Ken Hon and his team of volcanologists brave molten lava and gas emissions to study the Kilauea volcano on the island of Hawaii.
From mass extinctions to jet flame out, we’re just beginning to understand the vast impacts of volcanic activity. Firewalkers profiles a team of volcanologists who brave molten lava and gas emissions to study the Kilauea volcano on the island of Hawaii. Though this harsh, barren environment is usually closed to the public, Parallax Film Productions gains special access to these groundbreaking researchers, their deadly work, and their forbidden laboratory.
In research led by Ken Hon, they work within reach of one of nature’s most powerful and unpredictable volcanoes, braving eruption and the possibility of a horrific natural disaster to observe this amazing “living geology”. The goal: better understand and predict the volcano’s path of destruction to help mitigate damage to nearby communities. Kilauea is one of the most active volcanoes on earth. It can gush more than 492,000 litres of molten rock a minute – enough to cover Washington, D.C. in a day. Its violent legacy has obliterated almost 650 square kilometres of lowland, including entire towns.

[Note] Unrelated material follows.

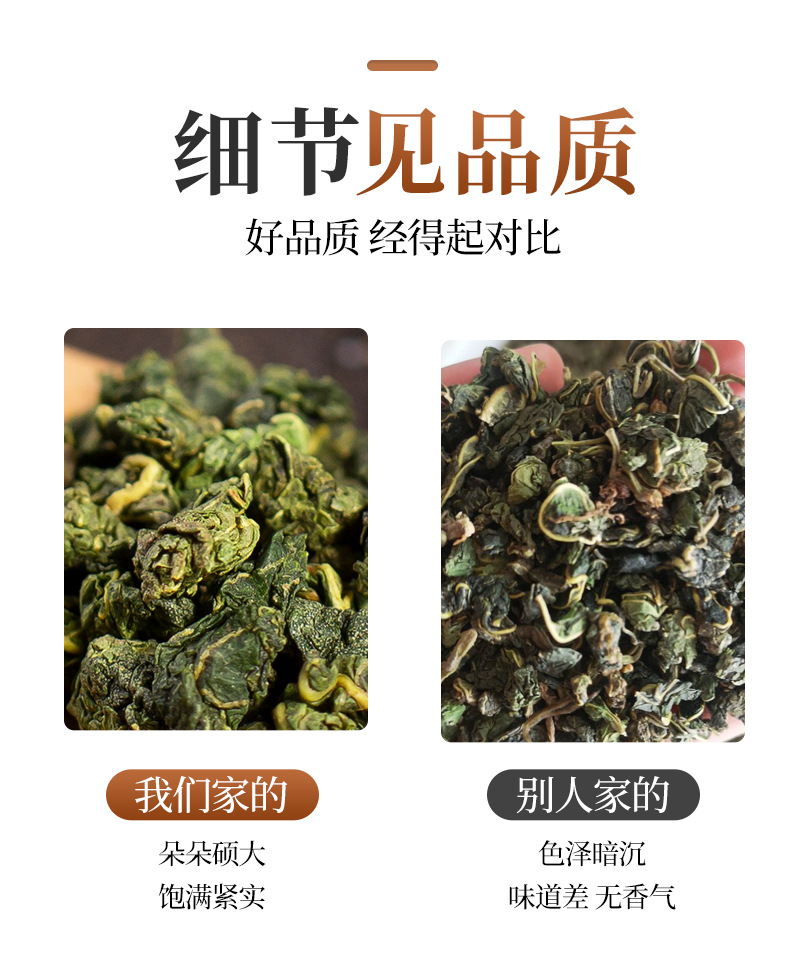 茗仟-罐装模板A_06.jpg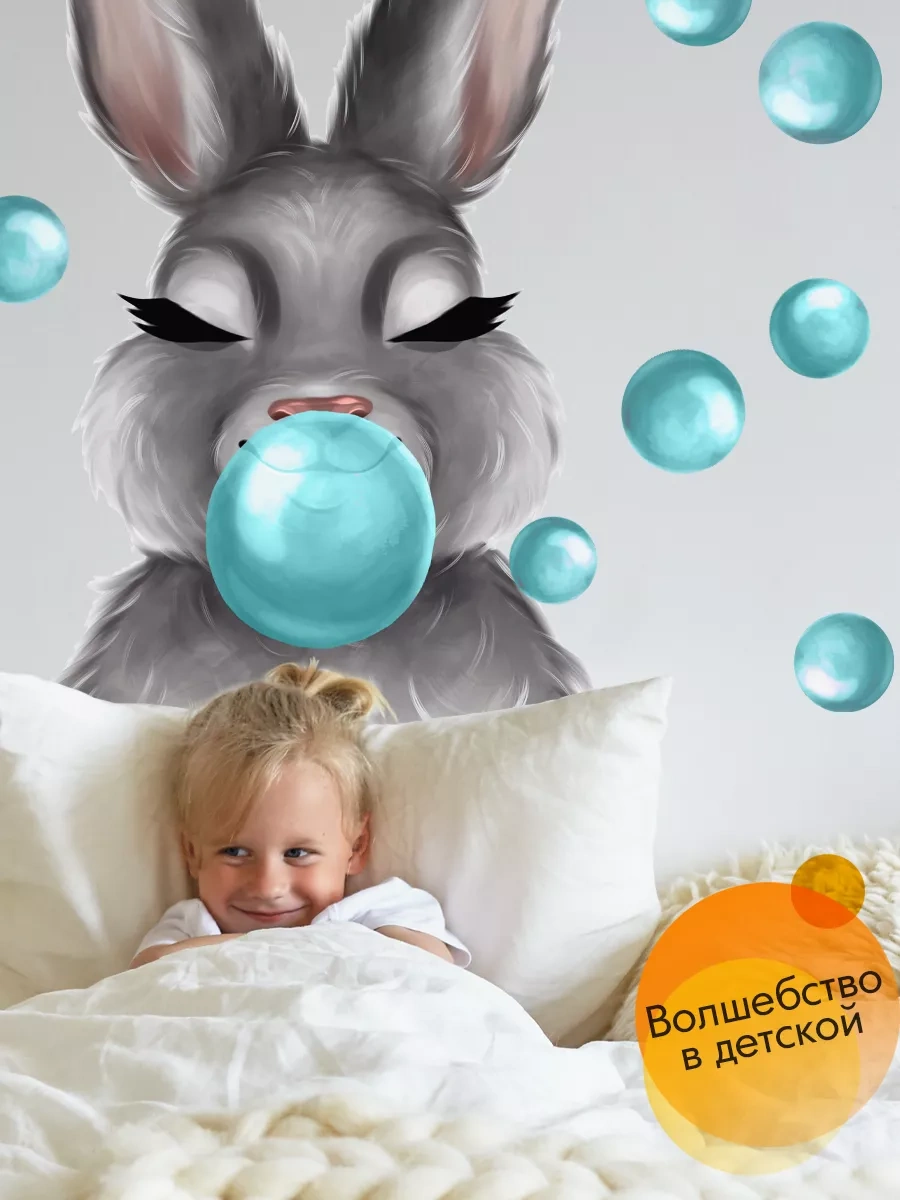 Wall Stıckers Çocuklar İçin Dekoratif İç Mekan Duvar Çıkartmaları 31225044 Açık Mavi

This Discovery documentary profiles one of the most dangerous jobs around. Hon and a pioneering team of volcanologists, working out of Hawaii’s Volcano Observatory, study every aspect of this natural phenomenon – from analyzing its historical impacts on nearby towns like Kalapana to gathering lava samples through skylights, nature’s peephole into a volcano. Hon and other volcanologists like Don Swanson and Steve Self know that while it’s impossible to actually stop eruptions, their work may lead to more accurate predictions, reducing loss of human life and livelihood.